*** Opening Source information ***

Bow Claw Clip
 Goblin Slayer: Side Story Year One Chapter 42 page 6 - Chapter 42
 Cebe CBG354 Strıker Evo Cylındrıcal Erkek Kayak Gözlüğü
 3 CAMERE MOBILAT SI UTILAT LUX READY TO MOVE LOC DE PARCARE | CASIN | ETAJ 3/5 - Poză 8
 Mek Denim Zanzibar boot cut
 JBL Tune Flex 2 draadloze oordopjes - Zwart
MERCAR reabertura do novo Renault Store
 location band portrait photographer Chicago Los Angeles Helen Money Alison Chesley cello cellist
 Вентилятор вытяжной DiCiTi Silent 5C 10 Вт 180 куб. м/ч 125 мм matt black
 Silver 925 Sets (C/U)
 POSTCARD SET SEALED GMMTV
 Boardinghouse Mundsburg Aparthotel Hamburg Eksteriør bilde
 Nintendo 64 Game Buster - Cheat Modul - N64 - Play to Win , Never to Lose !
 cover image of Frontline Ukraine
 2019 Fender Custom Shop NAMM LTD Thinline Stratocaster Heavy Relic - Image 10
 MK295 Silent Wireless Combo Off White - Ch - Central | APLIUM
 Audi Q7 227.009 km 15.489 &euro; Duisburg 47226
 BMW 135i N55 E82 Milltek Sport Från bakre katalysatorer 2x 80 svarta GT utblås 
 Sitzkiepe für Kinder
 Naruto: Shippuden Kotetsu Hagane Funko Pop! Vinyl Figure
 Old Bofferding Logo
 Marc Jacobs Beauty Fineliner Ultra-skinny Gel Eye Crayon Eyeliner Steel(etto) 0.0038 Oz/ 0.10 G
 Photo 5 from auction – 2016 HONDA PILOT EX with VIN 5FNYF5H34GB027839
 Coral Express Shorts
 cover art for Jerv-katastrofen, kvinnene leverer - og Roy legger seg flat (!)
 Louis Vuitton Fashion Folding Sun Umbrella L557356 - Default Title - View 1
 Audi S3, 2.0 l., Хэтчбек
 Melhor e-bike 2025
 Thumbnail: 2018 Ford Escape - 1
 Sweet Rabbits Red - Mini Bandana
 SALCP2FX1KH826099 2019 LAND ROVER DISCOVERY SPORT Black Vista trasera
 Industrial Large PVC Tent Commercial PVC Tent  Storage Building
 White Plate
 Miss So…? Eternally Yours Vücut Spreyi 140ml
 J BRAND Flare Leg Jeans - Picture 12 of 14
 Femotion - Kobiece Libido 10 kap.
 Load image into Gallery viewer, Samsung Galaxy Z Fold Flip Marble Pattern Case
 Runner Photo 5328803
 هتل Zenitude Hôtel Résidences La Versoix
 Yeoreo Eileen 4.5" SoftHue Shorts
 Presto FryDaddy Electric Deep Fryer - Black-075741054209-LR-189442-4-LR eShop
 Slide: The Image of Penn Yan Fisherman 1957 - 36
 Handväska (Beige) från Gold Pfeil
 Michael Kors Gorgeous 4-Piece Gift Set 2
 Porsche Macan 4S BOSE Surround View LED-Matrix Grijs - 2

*** Closing Source information ***

• What to produce:
Using the data above, repeat exactly the lines that begin at the line with "cover image of Frontline Ukraine" and end at the line with "Sweet Rabbits Red - Mini Bandana", both ends included.

• The completed task:
 cover image of Frontline Ukraine
 2019 Fender Custom Shop NAMM LTD Thinline Stratocaster Heavy Relic - Image 10
 MK295 Silent Wireless Combo Off White - Ch - Central | APLIUM
 Audi Q7 227.009 km 15.489 &euro; Duisburg 47226
 BMW 135i N55 E82 Milltek Sport Från bakre katalysatorer 2x 80 svarta GT utblås 
 Sitzkiepe für Kinder
 Naruto: Shippuden Kotetsu Hagane Funko Pop! Vinyl Figure
 Old Bofferding Logo
 Marc Jacobs Beauty Fineliner Ultra-skinny Gel Eye Crayon Eyeliner Steel(etto) 0.0038 Oz/ 0.10 G
 Photo 5 from auction – 2016 HONDA PILOT EX with VIN 5FNYF5H34GB027839
 Coral Express Shorts
 cover art for Jerv-katastrofen, kvinnene leverer - og Roy legger seg flat (!)
 Louis Vuitton Fashion Folding Sun Umbrella L557356 - Default Title - View 1
 Audi S3, 2.0 l., Хэтчбек
 Melhor e-bike 2025
 Thumbnail: 2018 Ford Escape - 1
 Sweet Rabbits Red - Mini Bandana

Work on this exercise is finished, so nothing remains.